You see, Black Friday is coming up and we’re already observing latency spikes during the 8am sales event. Cyber Monday is one flash sale event every hour; I don’t have to do the math there. We’re virtually guaranteed to crush the NetApp with this onslaught. Even though our CEO is a great guy who understands our saddling of technical debt, I can’t help but get a sinking feeling when the website takes a fat dump and he moseys on down from the 3rd floor to ask “how we’re doing” and “how can we mitigate future issues.”
So back to NGINX. Our noble HTTP server will generate, in aggregate, around 50M events a day. These all get flushed to disk from hundreds of VMs, whose hosts in turn flush their images to the NetApp. Getting these NGINX log events into a remote server is easy with rsyslog. But preventing the log events from writing to disk in the first place? Fucking impossible, unless you a) don’t want logs or b) pony up for the commercial offering that patches direct syslog into the NGINX logging engine. Yep, they took a feature that Apache httpd has had literally forever and put it behind a pay wall.
Oh sure, there are patches that’ll add in that ignominious feature. It’s trivial to pull down the NGINX source, pull down the patch, patch the source, test the build, create a spec file, test the RPM, add it into the yum repository, and stage an untested major update to every web server just before the holiday rush. It’s just that I shouldn’t have to do any of this shit.
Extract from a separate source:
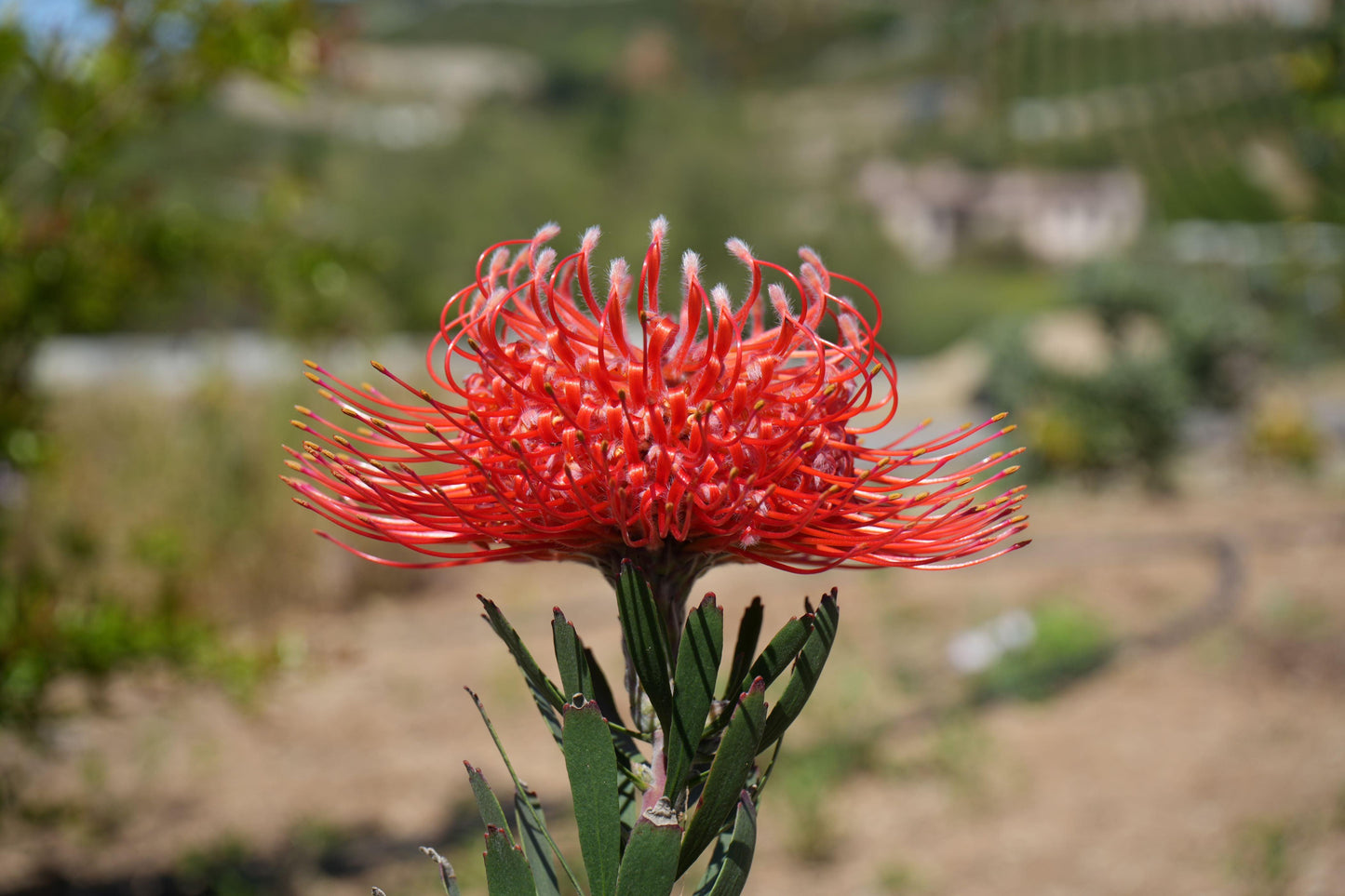 Leucospermum 'Blanche Ito': Unveiling the Pearlescent Pincushions of a Garden Gem - Bonte Farm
Tested, reliable packages are the entire point of upstream package sources like EPEL. Patching NGINX in-house is a huge step back.
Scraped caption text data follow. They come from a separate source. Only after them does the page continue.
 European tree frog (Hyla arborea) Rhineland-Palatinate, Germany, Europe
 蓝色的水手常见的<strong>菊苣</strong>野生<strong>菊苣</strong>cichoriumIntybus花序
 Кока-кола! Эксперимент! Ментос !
So what next? In the short term we’ll probably do something hackish like mounting /var/log/nginx on a ram disk and get some serious logrotate action going. It’ll eliminate those dastardly writes and get us out of the woods. As a proper solution, httpd is sounding quite nice all of a sudden. We’re using php-fpm anyway; the performance difference between nginx and httpd in this scenario is negligible.
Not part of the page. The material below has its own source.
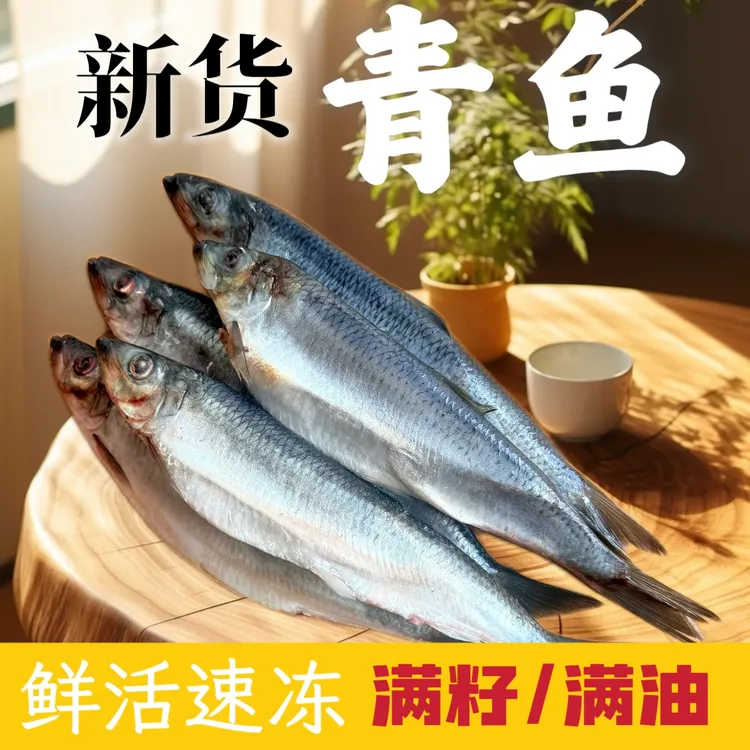 延边发货青鱼野生青鱼东北沙丁鱼延边冷冻新鲜鱼批发价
I don’t blame NGINX for wanting money in exchange for what is admittedly amazing software. I just don’t want any part of it. This is just the first feature of presumably many that the FOSS NGINX distribution will lack compared to the commercial offering. In short, this is Oracle and MySQL all over again. I wonder if we’ll see the same apparent exodus from NGINX as we have from MySQL? Who will pick up the mantle and actively develop the next game-changing FOSS web server?